**PROBLEM DETAILS**. Copy nothing but the lines running from the one containing "lipotropic-factors-solgar-100-tabs-4.jpg" through the end of the listing below. Drop the pictures.

**SUPPLIED MATERIAL**.
== Segment start ==

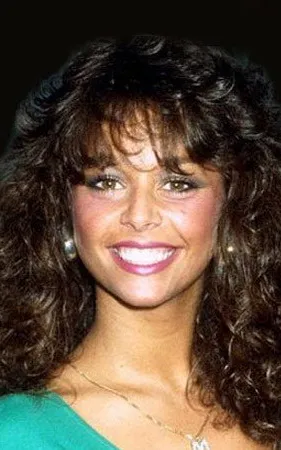 Maria Whittaker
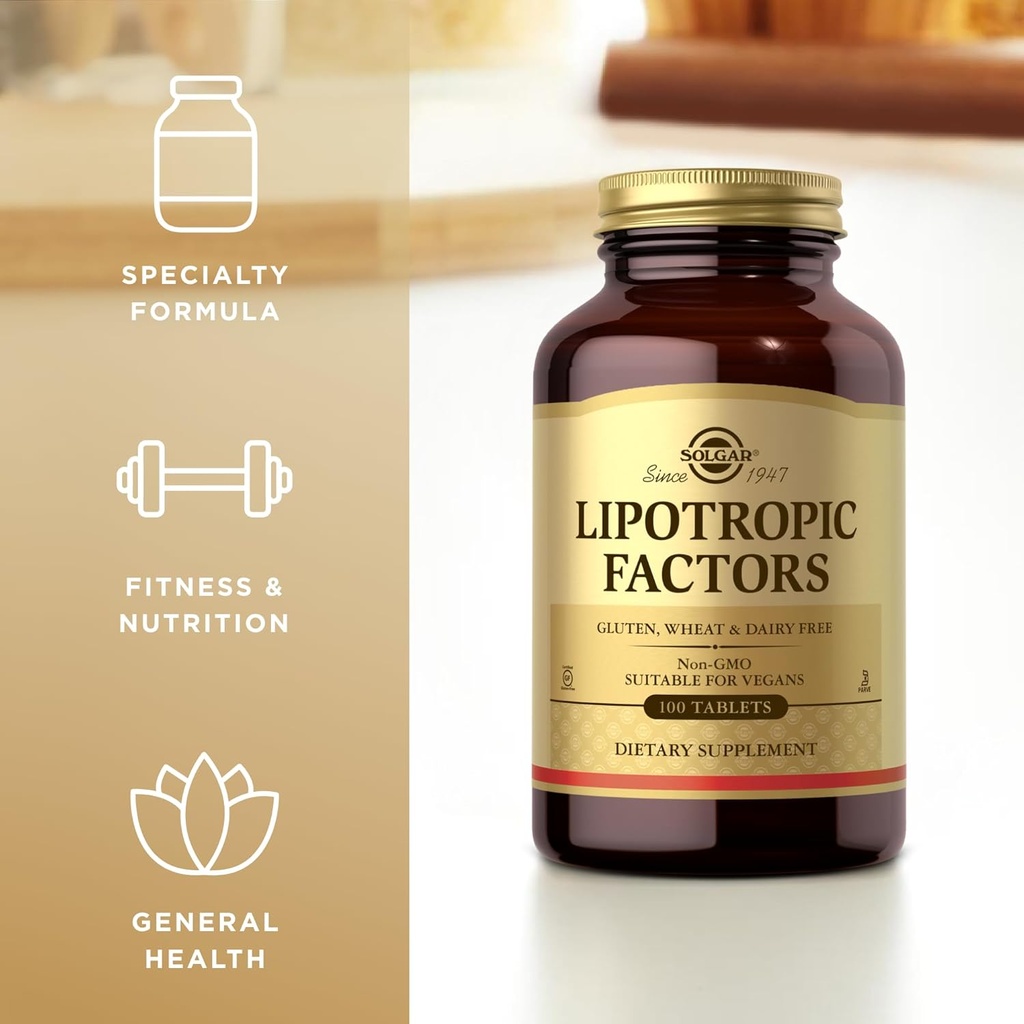 lipotropic-factors-solgar-100-tabs-4.jpg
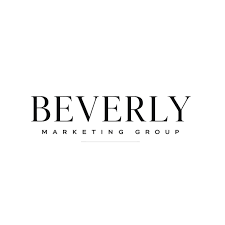 Beverly Coat Hanger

== Segment end ==

**RESULT OF THIS TASK**.
 lipotropic-factors-solgar-100-tabs-4.jpg
 Beverly Coat Hanger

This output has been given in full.